La noticia del fallecimiento de Lisandro Otero, un duro golpe para todos quienes lo conocieron, la recibí hoy con tanta emoción que desde ese momento permanece fija en mi mente la imagen de su rostro y su mirada profunda.
Mi primera aproximación a este hombre de letras y agudo analista político -combinación ideal en un divulgador revolucionario como él- fue con su novela La situación, Premio Casa de las Américas 1963.

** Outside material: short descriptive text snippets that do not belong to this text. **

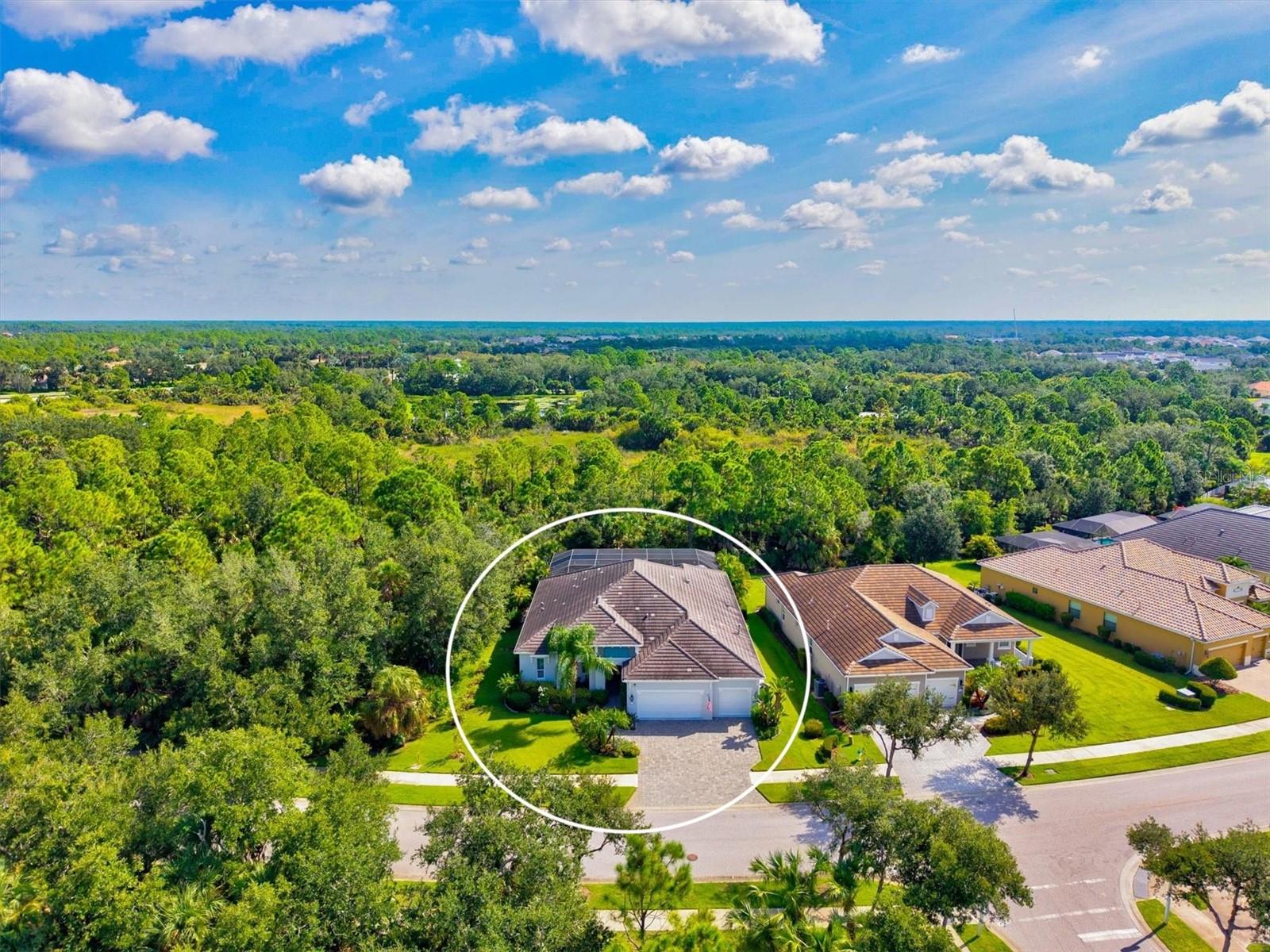 Experience the pinnacle of Florida living in this highly upgraded 3-bedroom plus den home with a 12x18 club room, 3 full baths, and an extended 4’ 3-car garage in the sought-after Grand Palm community of Wellen Park. Combining privacy and luxury, this residence is both a private retreat and an entertainer’s dream.
Owned by the original owners and set on an oversized .27-acre lot with lush landscaping, curbing, seamless gutters, and solar exterior cameras, this home is uniquely private with no homes across the street and only one neighbor to the east — perfect for relaxation and enjoying Florida’s outdoor lifestyle.
Step inside and you are welcomed by an open, light-filled floor plan with soaring 11’ tray ceilings, crown molding throughout, 8’ interior doors, and 5.25” base trim. The chef’s kitchen is a showpiece with an oversized granite island that includes front-side storage, 42” cabinetry, built-out custom pantry, under-cabinet lighting, and stainless appliances highlighted by a natural gas range with oven/microwave combo and a new Bosch dishwasher. The layout seamlessly connects the kitchen, dining, and great room, creating a space perfect for gatherings or quiet evenings at home.
The primary suite is a retreat of its own with plantation shutters, a custom built Closet system, and even a built-in wall mirror that conceals a jewelry storage rack. The spa-like primary bath offers dual sinks and an oversized Roman shower tiled to the ceiling. The additional bedrooms are connected by a Jack-and-Jill bath with dual vanities and a walk-in shower, while the versatile club room can easily serve as a fourth bedroom, media space, or work out room. Plush patterned carpet adds comfort in all bedrooms.Step out to one of the largest lanais in the community — your own private outdoor retreat. Complete with an included outdoor sauna, it’s the perfect space to relax and recharge.
The oversized heated saltwater pool features a sun shelf, fountains, and remote-controlled color-changing lights, complemented by a relaxing spa tub. A full granite outdoor kitchen with refrigerator and wine fridge makes entertaining effortless, while Storm Smart hurricane shutters provide peace of mind and allow this outdoor living area to be enjoyed year-round.
The home also includes thoughtful upgrades for convenience and efficiency: a Lennox AC replaced in 2025, block foam insulation, natural gas Generac generator, ceiling fans throughout, a painted garage floor with storage racks, and pull-down attic stairs with floored storage above. Peace of mind: this home is outside of a designated flood zone so flood insurance is NOT requited.
Grand Palm is one of Wellen Park’s premier gated communities, offering resort-style amenities including two pools, a fitness center, tennis courts, 8 pickleball courts, bocce, volleyball, basketball, playgrounds, and miles of walking and biking trails. Just minutes from Venice’s pristine Gulf beaches, shopping, dining, new Costco and cultural attractions, this home combines modern luxury, unmatched privacy, and the very best of the Florida lifestyle.
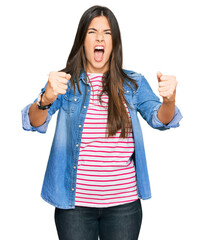 Poster - Young brunette woman wearing casual clothes angry and mad raising fists frustrated and furious while shouting with anger. rage and aggressive concept.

El impacto de esa obra, que circuló de mano en mano entre aquella primera oleada de becarios del flamante gobierno revolucionario de Cuba, caló hondo en quienes entonces incursionábamos en la literatura mediante las minibibliotecas creadas en cada albergue.
Después, familiarizado con la trayectoria del autor, no fue extraño que devorara Pasión de Urbino y En ciudad semejante, buscara sus artículos, leyera la revista INRA- luego pasó a llamarse Cuba- y la trascendente Revolución y Cultura.
Una intensa vida diplomática lo llevó a muchos destinos como funcionario, sin dejar a un lado ni por un momento su febril actividad y batalla por la cultura y la divulgación de la obra de la Revolución en esa esfera vital.
Tras su paso por Londres como Consejero Cultural (1974-1976) publica Temporada de Angeles, una incursión en la historia de Inglaterra del siglo XVII y la esencia del poder político, que bien puede referirse al mundo contemporáneo.
Todas estas lecturas me despertaron un afecto hacia su autor, a quien sólo conocí personalmente a mediados de la década del 80.
Coincidió mi nombramiento como corresponsal-jefe de Prensa Latina en Moscú con la de Lisandro como Consejero Cultural de la embajada de Cuba en la entonces Unión Soviética, desde 1984 hasta 1986.
Me satisfizo comprobar que la idea preconcebida sobre su personalidad y caracter coincidía con la realidad: trato afable y respetuoso, perenne preocupación por facilitar la cobertura de las acciones desplegadas por su oficina y disposición siempre de ayudar.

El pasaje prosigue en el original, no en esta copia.